DATASET CONTENT —
========================================

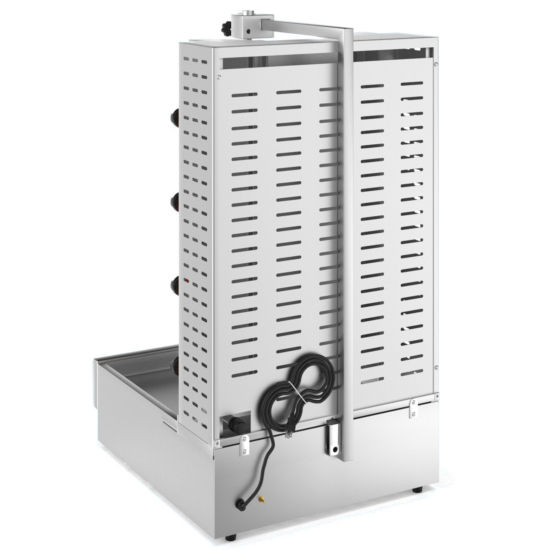 Thumbnail: 120 lb. Gas Vertical Gyro Shawarma Machine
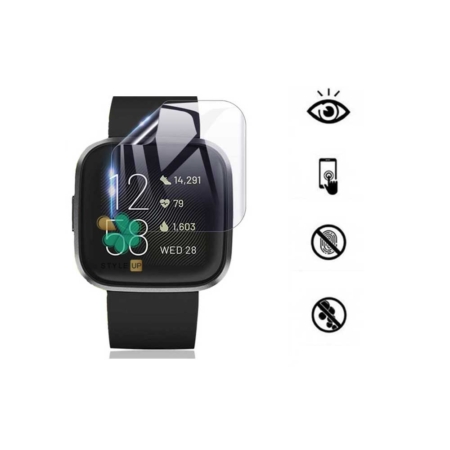 قیمت محافظ صفحه نانو ضد اشعه ساعت فیت بیت ورسا Fitbit Versa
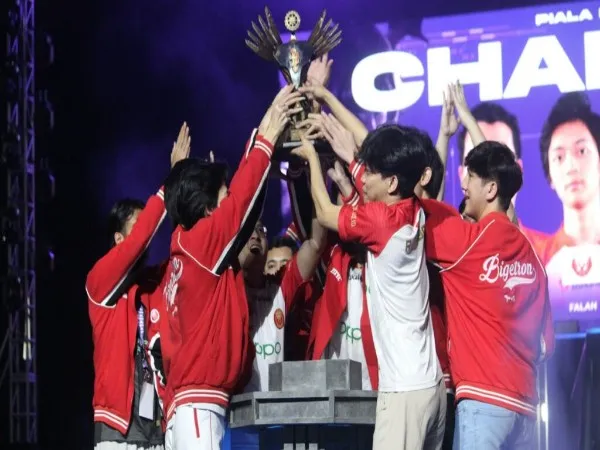 Bigetron Alpha Juara Piala Presiden Esports 2022, Jadi Wakil RI di IESF 2022
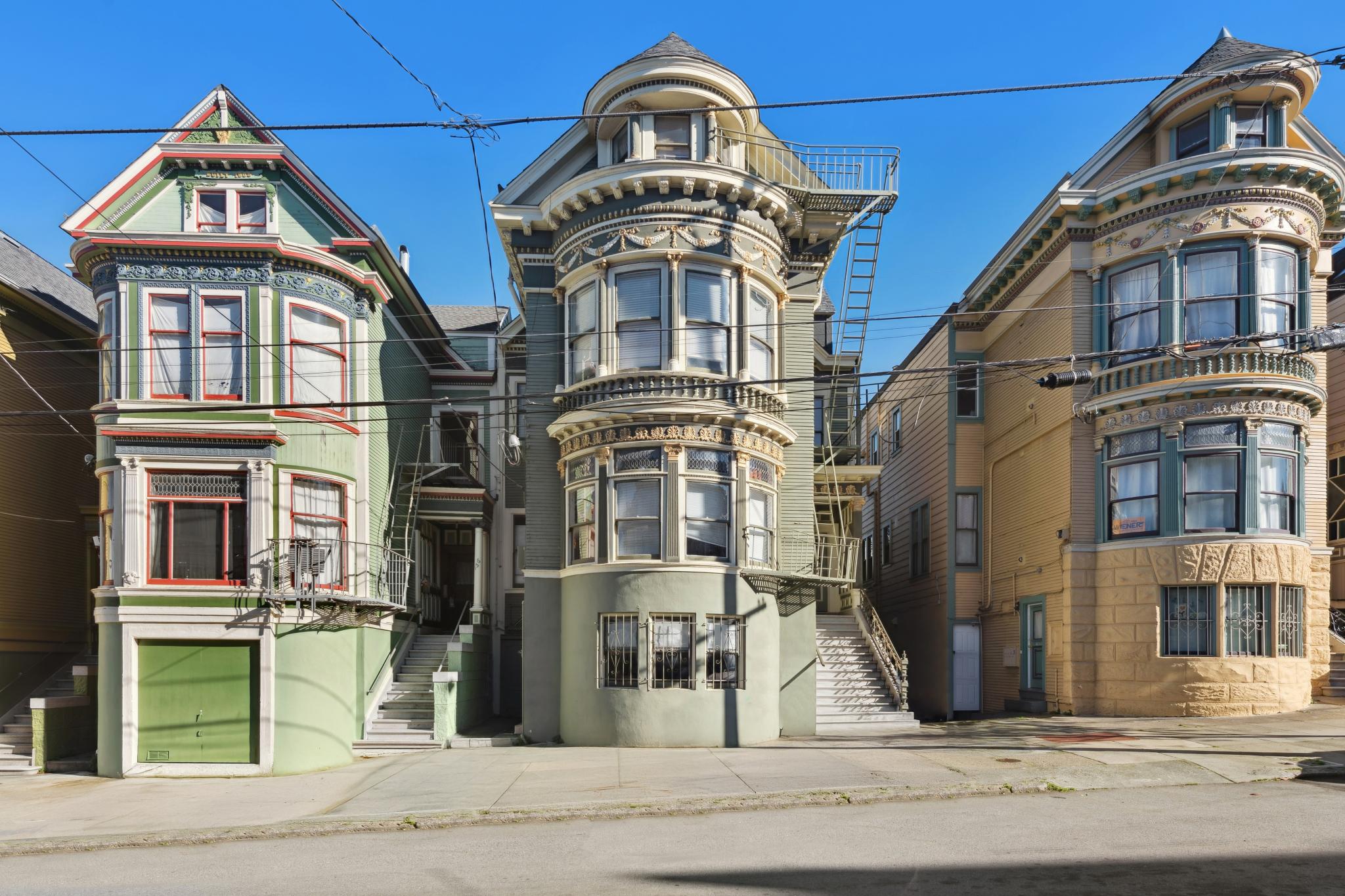 8 Unit Edwardian Apartment Building | Haight-Ashbury - Dan McGue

========================================

EXERCISE DESCRIPTION — With the line containing "قیمت محافظ صفحه" as the first line and the last line of the listing as the final one, reproduce that span exactly, without pictures.

ANSWER TO THE PROBLEM —
 قیمت محافظ صفحه نانو ضد اشعه ساعت فیت بیت ورسا Fitbit Versa
 Bigetron Alpha Juara Piala Presiden Esports 2022, Jadi Wakil RI di IESF 2022
 8 Unit Edwardian Apartment Building | Haight-Ashbury - Dan McGue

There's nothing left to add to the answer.